___ Data records ___
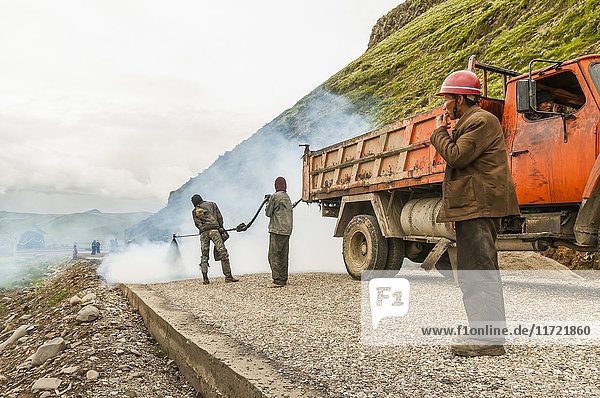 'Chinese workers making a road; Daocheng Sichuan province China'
___
___ Data records ___
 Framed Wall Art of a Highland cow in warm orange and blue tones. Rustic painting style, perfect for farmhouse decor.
___
___ Data records ___
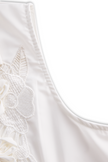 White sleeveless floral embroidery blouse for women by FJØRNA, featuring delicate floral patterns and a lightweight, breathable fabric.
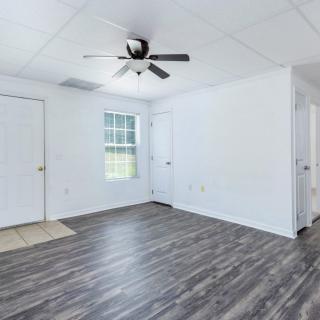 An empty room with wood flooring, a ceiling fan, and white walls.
___
• [Task to complete]: Begin at the line in the entries above that has "White sleeveless floral", stop after the line that has "An empty room", and output exactly those lines without pictures.

• [Written reply]:
 White sleeveless floral embroidery blouse for women by FJØRNA, featuring delicate floral patterns and a lightweight, breathable fabric.
 An empty room with wood flooring, a ceiling fan, and white walls.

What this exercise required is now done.